You need to be a part of two groups on polaris:

  • ATPESC_Instructors: to submit jobs on the account and for write access the installation directory for libraries, /eagle/ATPESC2024/usr/MathPackages
  • ATPESC2024: for write access to the examples directory /eagle/ATPESC2024/EXAMPLES/track-5-numerical

Quick Start

See also Getting Started on Polaris

To connect:

ssh polaris.alcf.anl.gov

All compute nodes are the same: a 32 core EPYC Milan 7543P node with 4 NVIDIA A100 GPUs connected via NVLink.

To request an interactive session:

qsub -I -l select=1 -l filesystems=home:eagle -l walltime=1:00:00 -q debug -A ATPESC_Instructors

More control over running non-interactive jobs is described in Running jobs on Polaris

Modules

The following module commands have been tested and found to work when building and installing both Trilinos and PETSc/TAO:

module swap PrgEnv-nvhpc PrgEnv-gnu
module load nvhpc-mixed craype-accel-nvidia80
module use /soft/modulefiles
module load spack-pe-base
module load cmake ninja
module load cray-libsci

CUDA options

The A100 GPU has CUDA Capability: 8.0 i.e the corresponding compile options are:

nvcc -gencode arch=compute_80,code=sm_80

With cmake - the likely option is: -DCMAKE_CUDA_ARCHITECTURES=80

Install software

Install software at /eagle/projects/ATPESC2024/usr/MathPackages - for ex: /eagle/projects/ATPESC2024/usr/MathPackages/petsc-3.19.4

And then copy over needed tutorial binaries, datafiles etc. over to /eagle/projects/ATPESC2024/EXAMPLES/track-5-numerical into appropriate folders - for ex: (from last year)
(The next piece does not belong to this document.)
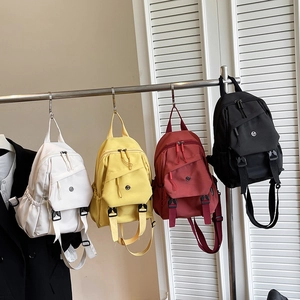 Minimalist large capacity nylon backpack in white, yellow, red, and black colors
balay@thetagpu06:~$ ls -l /eagle/projects/ATPESC2024/EXAMPLES/track-5-numerical
total 40
drwxrwsr-x 2 balay ATPESC_Instructors 4096 Aug  2 12:13 amrex
drwxrwsr-x 2 balay ATPESC_Instructors 4096 Aug  2 12:13 hand_coded_heat
drwxrwsr-x 2 balay ATPESC_Instructors 4096 Aug  2 12:13 krylov_amg_hypre
drwxrwsr-x 2 balay ATPESC_Instructors 4096 Aug  2 12:13 krylov_amg_muelu
drwxrwsr-x 2 balay ATPESC_Instructors 4096 Aug  2 12:13 mfem-pumi-lesson
drwxrwsr-x 2 balay ATPESC_Instructors 4096 Aug  2 12:33 nonlinear_solvers_petsc
drwxrwsr-x 2 balay ATPESC_Instructors 4096 Aug  2 12:21 numerical_optimization_tao
drwxrwsr-x 2 balay ATPESC_Instructors 4096 Aug  2 12:13 rank_structured_strumpack
drwxrwsr-x 2 balay ATPESC_Instructors 4096 Aug  2 12:13 superlu
drwxrwsr-x 2 balay ATPESC_Instructors 4096 Aug  2 12:13 time_integrators_sundials

It is recommended to use a compute node when building and installing, because parallel make is limited on login nodes, and because the login nodes do not have GPUs (though they do have the GPU compilers and environments: building on the host is possible as long as running code on the GPU is not required).

Internet proxy

If you need internet access from a node (for instance, to download packages) add the proxy commands to your environment given here.